“There he is,” shouted a voice from above me, whose effect was like electricity to my shattered frame, for I leaped up, and gaining the pathway, fled to the road, and then on towards the station, only pausing once to listen for the sounds of pursuit and to tie my handkerchief round my head to screen it from the icy breeze. I ran till I was breathless, and then walked, but only to run again, and this I kept on till I had passed the six miles between Broxby’s Beat and Ancaster, where I arrived just before the night mail came in, at a quarter to four.

One of the porters was very civil, and, supposing that my hat had been blown off and lost, sold me a very dirty old greasy cap for five shillings, and then I once more felt safe as I leaned back in a carriage, and felt that we were going towards London at the rate of forty miles an hour. But I did not feel thoroughly safe until I had gained entrance, in the cold dark morning, to my chambers by means of my latchkey, and having barricaded the door, tried to forget my sorrows in sleep, but I could not, while, as my laundress supposed that I should be away for a week, everything was in a most deplorable state, in consequence of the old woman meaning to have a good clean up on Boxing-day.

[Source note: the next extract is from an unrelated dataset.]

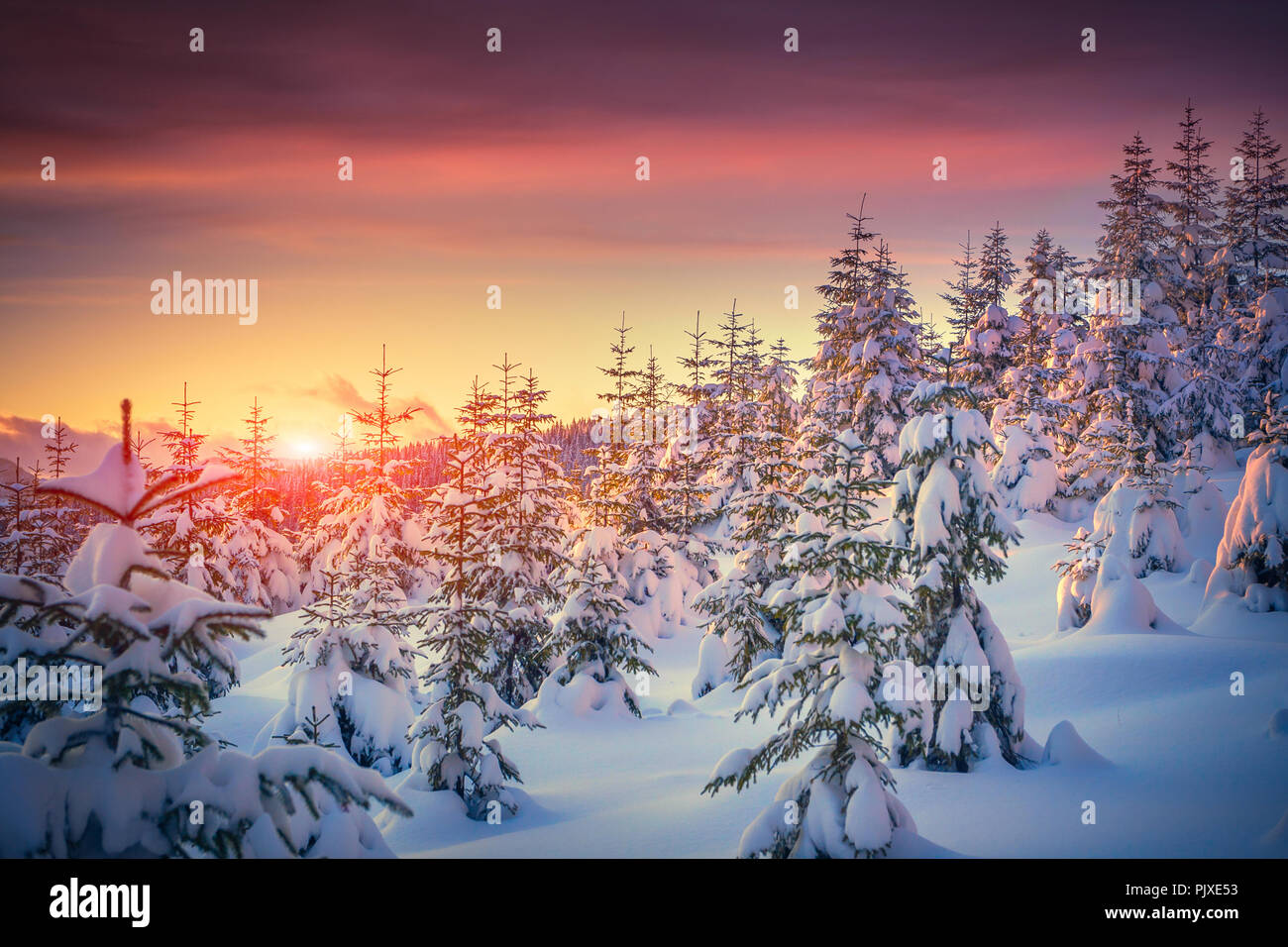 Colorful landscape at the winter sunrise in the mountain forest Stock Photo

I did not go out for a week, for I had to take precautions for my health’s sake, putting my feet in hot water, and taking gruel for the bad cold I caught; but for that, and the nervous shock, I was not hurt, though my clothes were much torn. It was about eight days after that a letter arrived while I was at breakfast, bearing the Ancaster post-mark, directed to me in Broxby’s familiar hand; but I had read it twice, with disgust portrayed on every lineament, before I perceived that my late friend had evidently written to his brother and to me at the same sitting, when, by some hazard, the letters had been cross-played and put in the wrong envelopes, for the abominable epistle was as follows:—

“Dear Dick,—You should have come down. Such a spree. My ribs are sore yet with laughing, and I shall never get over it. I sent old Gus Littleboy an invite. Poor fool, but no harm in him except blundering. The Major was here; quite a houseful, in fact. Gus was to sleep with Tim Peters, and got somehow into the Major’s room while he was down with me finishing the toddy. Murder, my boy. Oh! you should have been here to hear the screaming, and seen the Major stamp and go on. He kicked the panel in, when poor Gus fled by the window, and has not sent for his traps yet. For goodness sake contrive for the Major to meet him at your place when I’m up next week. It will be splitting, and of course I can’t manage it now.

“Yours affectionately,

“Joe Broxby.”

I need scarcely tell a discerning public that I refused the invitation sent me by Mr Richard Broxby, of Bedford Square, when it arrived the next week; while when, some months after, I encountered the Major and his wife upon the platform of the Great Nosham, Somesham, and Podmorton Railway, I turned all of a cold perspiration, for my nerves will never recover the shock.


Chapter Eleven.

Cabby at Christmas.

Rather cold outside here, sir; but of course, if you like riding on the box best, why it’s nothing to me, and I’m glad of your company. Come on. “Ony a bob’s worth, Tommy,” says that chap as drove Mr Pickwick, him as set the old gent and his friends down as spies. The poor chap must have had a bad day, you see, and got a bit raspy; and I’ve known the time as I’ve felt raspy, too, and ready to say, “Ony a bob’s worth, Tommy.” You see ours is a trade as flucterates a wonderful sight, and the public’s got it into their heads as we’re always a-going to take ’em in somehow or other; so jest like that American gal in the story, “Don’t,” says Public. “Don’t what?” says we. “Don’t overcharge,” says Public. “Well, we wasn’t a-over-charging,” says we. “No, but aint you going to?” says Public. Puts it into our heads, and makes us charge extra through being so suspicious. You see we’re poor men, but not such a bad sort, considering. Public servants we are, badged and numbered, bound to do work by fixed rule and charge, so what I say is that you should treat us accordingly. “Civil and pleasant,” says you—“Civil and pleasant,” says we. “Drawn swords,” says you—“Drawn swords,” says we. Peace or war, which you likes, and the Beak for umpire. There’s a werry good sorter clay underneath some of our weskets, if you only takes and moulds it the right way, when you’ll find all go as easy as can be; but make us ill-tempered and hot, why of course we turns brittle and cracks; while, you know, if you goes the other way too far, and moistens our clay too much, why—Well, human natur’s only human natur, is it? and of course the clay gets soft and sticky, and a nuisance. Keep half-way, you know, and then you’re all right, and will find us decent working, when you moulds us up and brings out a model cabby.